Anomaly detection systems work on two basic principles today:
- Model based - this is where a user specifies a definition of normal and the systems alerts a user whenever the system deviates from this definition. There are a few different types of model based systems:
- The simplest of these systems use user specified rules - e.g. Anti Money Laundering systems are often based on business users defining exceptional transactions as a set of scenarios that are programmed into a transaction monitoring system, which alerts an investigative unit whenever a transaction triggers one or more such scenarios.
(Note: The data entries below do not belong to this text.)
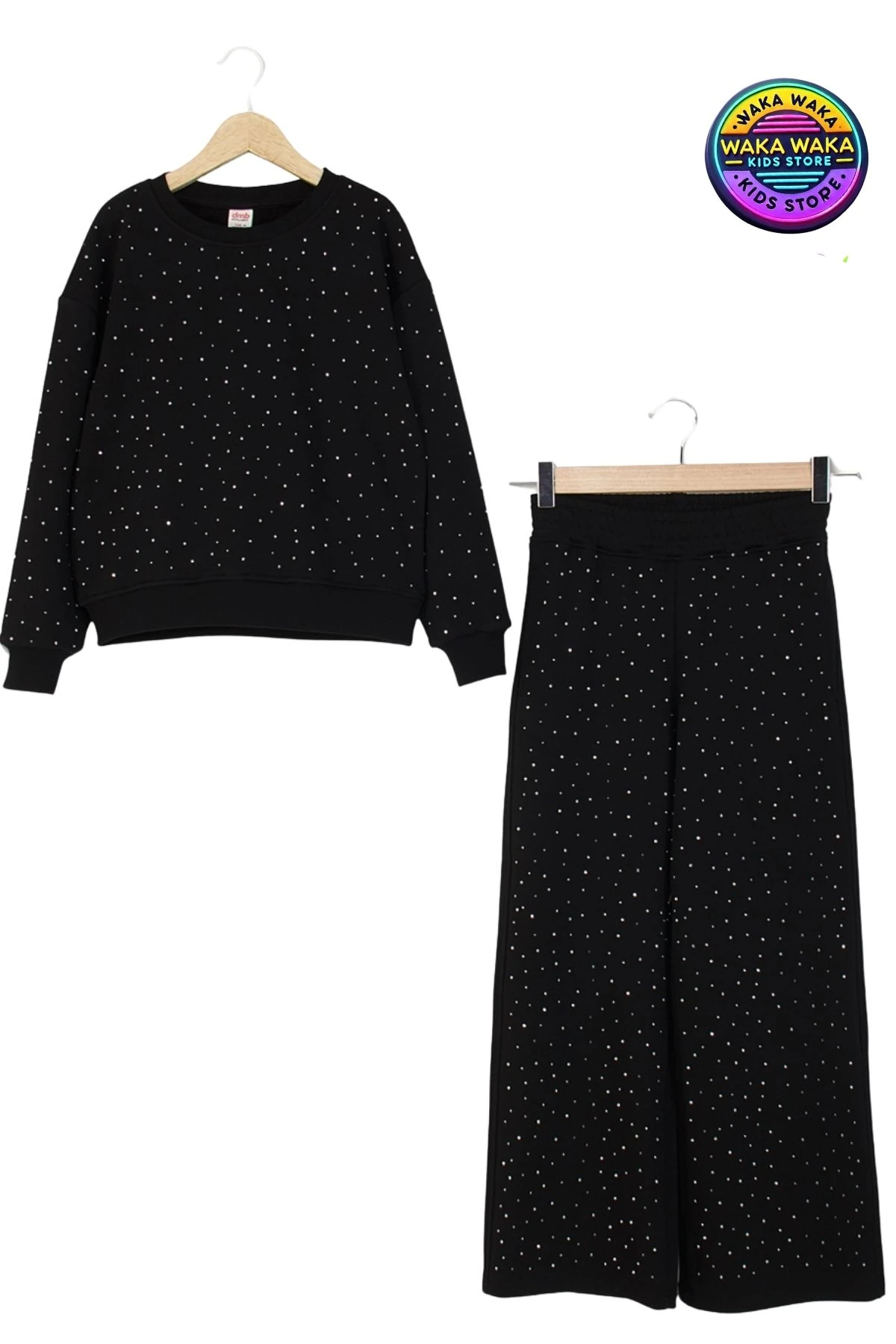Kız Çocuk Taş Baskılı Puantiyeli Sweatshirt ve Geniş Paça Eşofman Takımı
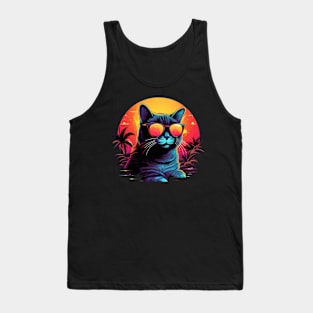 Retro Wave American Shorttail Cat Tank Top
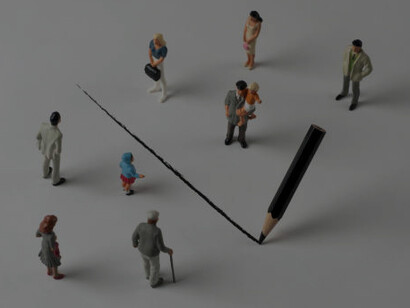 A group of people is isolated from each other by a line drawn from above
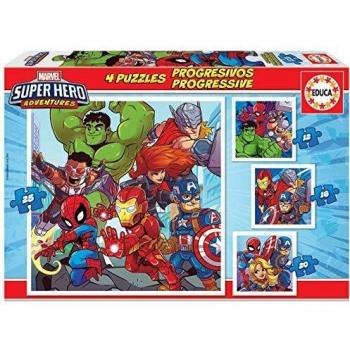 Educa - Marvel Super Heroe Adventures Conjunto de Puzzles Progresivos, Multicolor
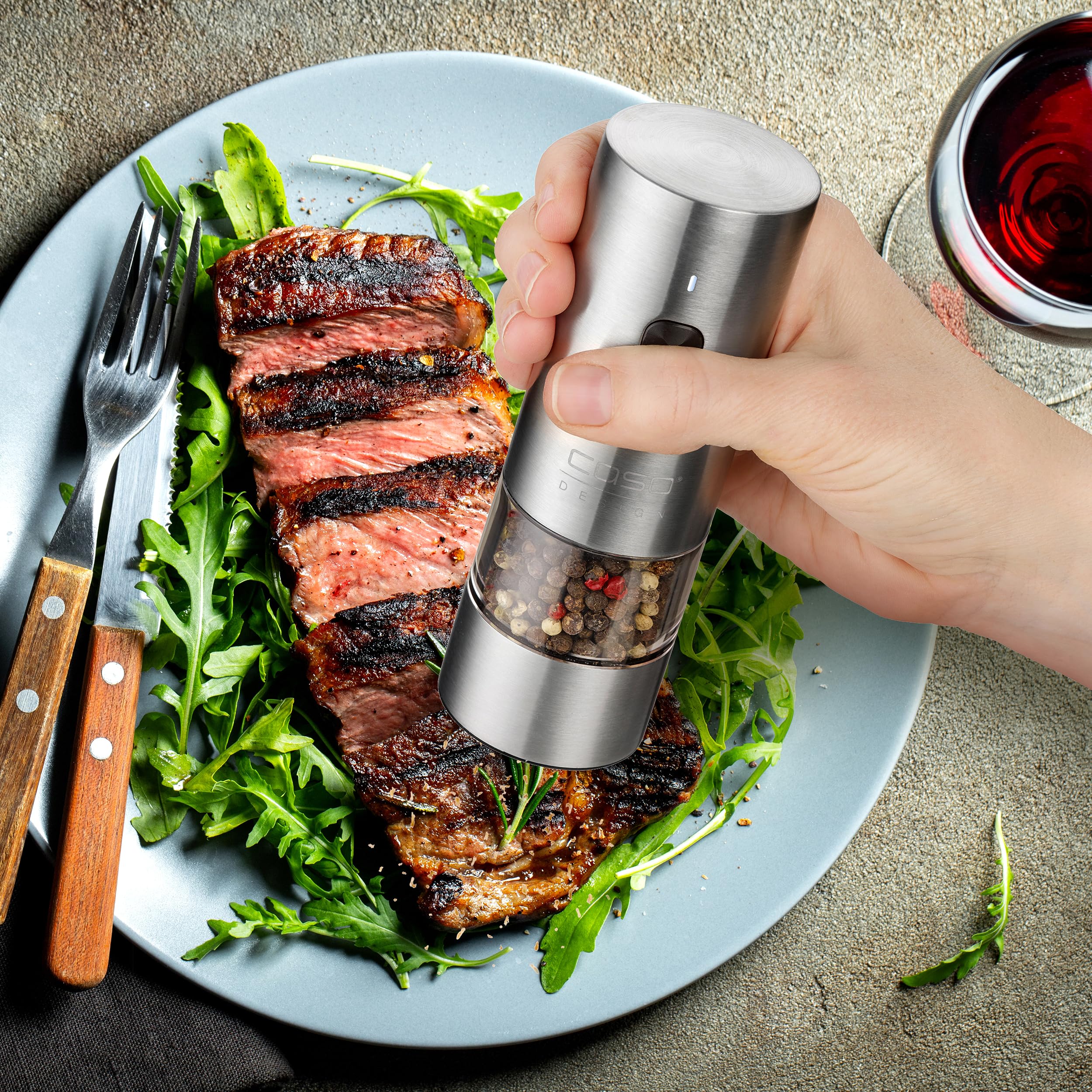 Caso SpiceDuo Salz- & Pfeffermühle Set Edelstahl USB-C 2er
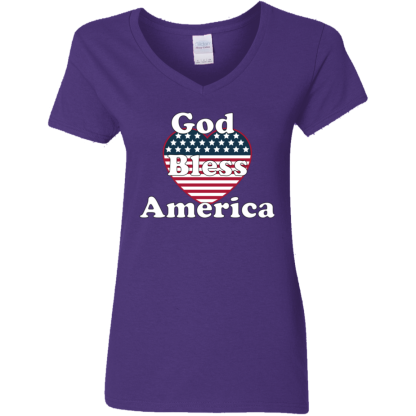 “God Bless America” Ladies’ 5.3 oz. V-Neck T-Shirt - Image 2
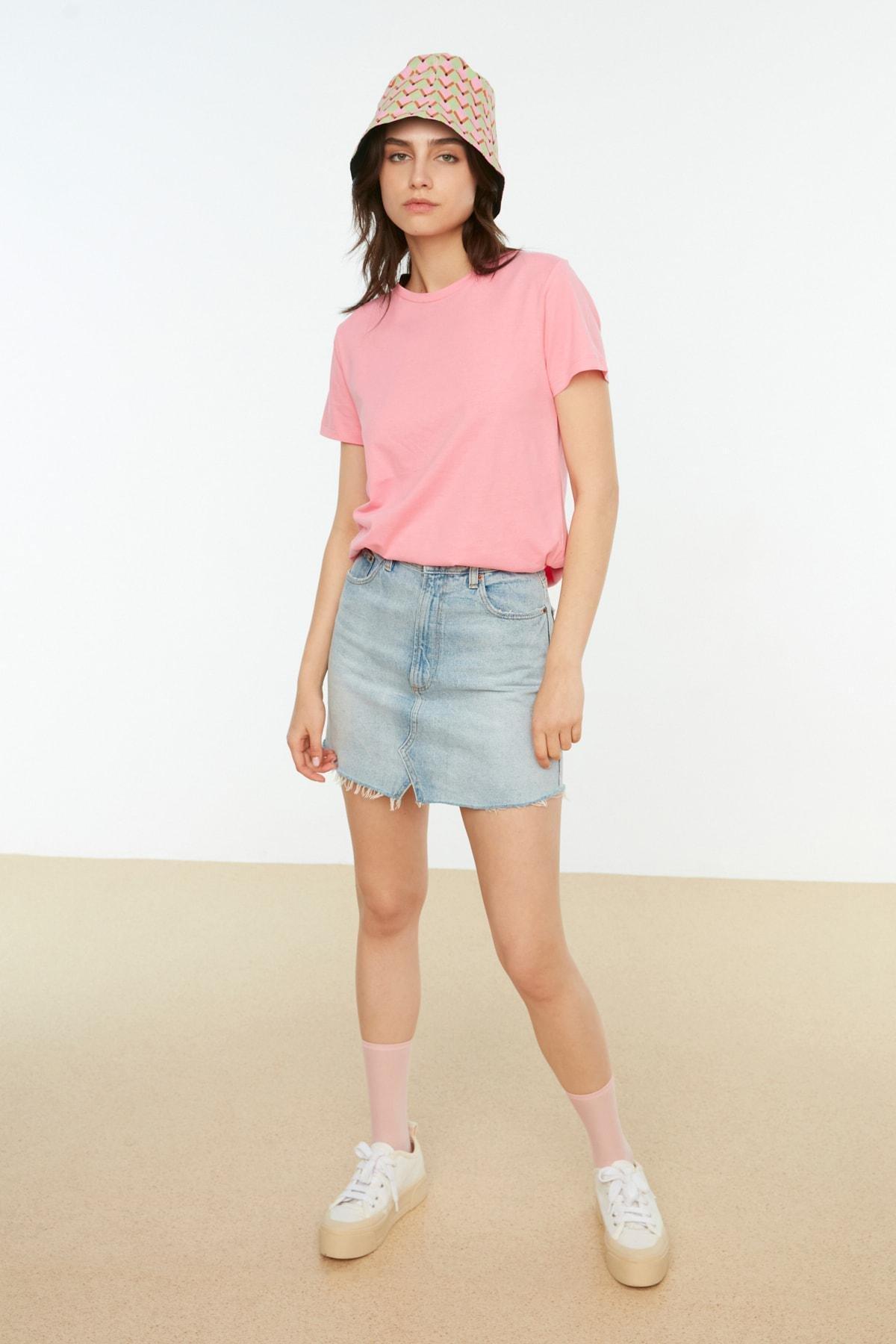 Multicolour Crew Neck T-Shirt Set Of 2, Pink, medium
- Momentum traders use simple models for time series data e.g. produce a buy signal whenever a specific financial instrument dips below its moving average by a % deviation. In this case, there’s no explicit definition of ‘normal’, but it is implicit in the algorithm.
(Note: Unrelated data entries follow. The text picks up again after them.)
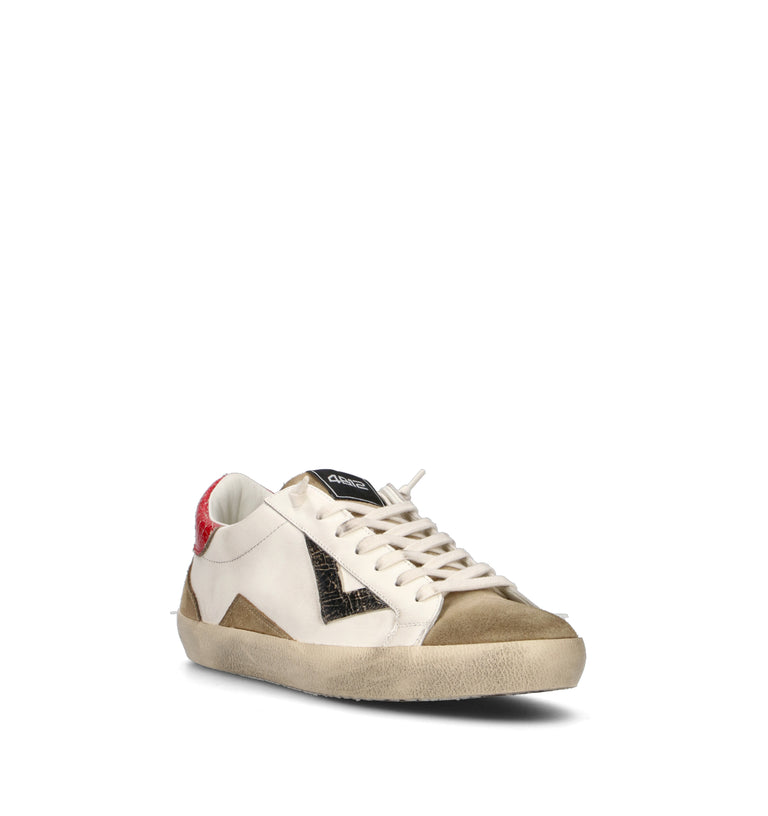 QUATTROBARRADODICI Sneaker uomo bianca in pelle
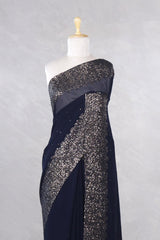 Navy Blue Banarasi Chiffon Party Wear Saree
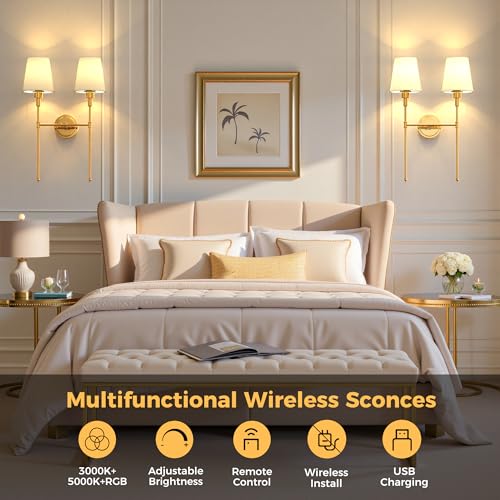 Image of DORESshop 2-Lights Battery Operated Wall Sconce, Gold Wireless Wall Light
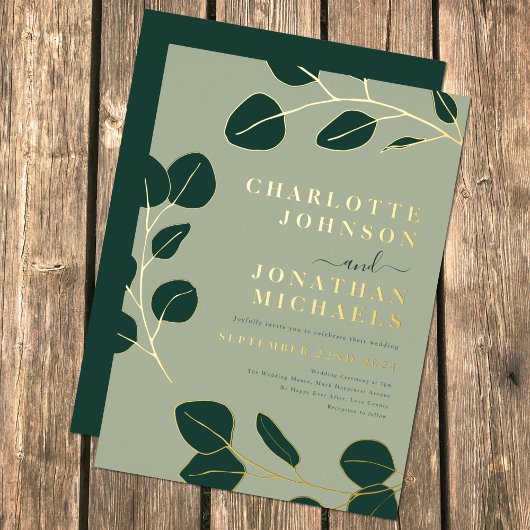 Minimalistisch blad Modern stijlvol groen en goud Folie Uitnodiging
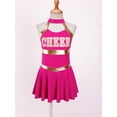 thumbnail image 4 of YONGHS Kids Girls Cheerleading Uniform Outfits Sleeveless Letters Printed Fancy Dress Hot Pink 8, 4 of 7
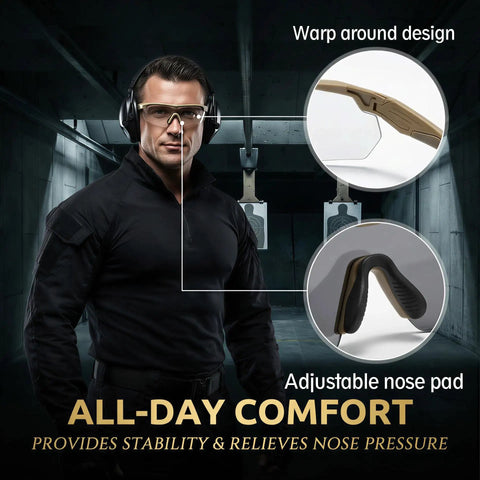 Outdoor Safety Shooting Glasses Anti Fog Tactical Goggles With 3 Interchangeable Lenses And Hard Case Lightweight Durable PC Frame Scratch Resistant All Day Comfort For Men And Women Khaki with adjustable nose pad shown.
- Supervised learning based - this is where users manually label anomalous events and then a supervised machine learning system is used to train a binary classifier to classify unseen data as an anomaly/not.
- Reconstruction based - these are really advanced systems, which learn a generative machine learning model of the data and alert/flag events whenever reconstruction error is high. A generative model tries to mimic its input i.e. it learns a model whose output is the same as its input
- Model based systems - It is really difficult to come up with a definition of normal and it drifts over time. Rules have issues since they are brittle and difficult to change/adapt.
- Supervised learning based systems. Two issues:
- Labelled data - to work well, these systems need lots of labelled data, which is both really tedious to collect and itself error prone.
- Global optimization - all supervised learning systems rely on global optimization i.e. a model that has low model error across each data point.
- Generalization - This is a form of model drift, where models that have low error on training data might still exhibit high error on unseen test data.
- Reconstruction based systems. This is still an active area of research and early results are encouraging, but the ‘reconstruction error’ is still to fine tune.
TDA is a general purpose manifold learning method that is able to combine the results of many machine learning methods. A few notes:
- It does not require labelled data, but can use it when present.
- It does not solve a global optimization problem - instead it solves a large number of local optimization problems which makes it robust to erroneous data points.
- Combines supervised and unsupervised learning in a single framework.
- The output is a network (in the computer science sense), which makes working with the output uniform i.e, the underlying machine learning methods can change, but the upstream usage need not.
Why is TDA good for AD?
The pipeline that we’re going to use is:
- Use unsupervised learning to construct a representative manifold. Note that this constructs a model of the data, which means that we avoid defining ‘normal’. This shows anomalies in the form of disconnected nodes and small networks [look at this picture]. We are going to use these small networks and disconnected components as training data.
- Use supervised machine learning to create models that distinguish the anomalies detected above from the rest of the data.
Note that we will use bagging and boosting throughout the procedure to prevent generalization errors.
- No need to label data by hand - it is created using step 1
- No prior assumption about ‘normal’
- No assumption about the underlying distribution of the data
- As data evolves, different underlying ML methods might work and it is easy to swap them out while keeping the rest of the pipeline the same.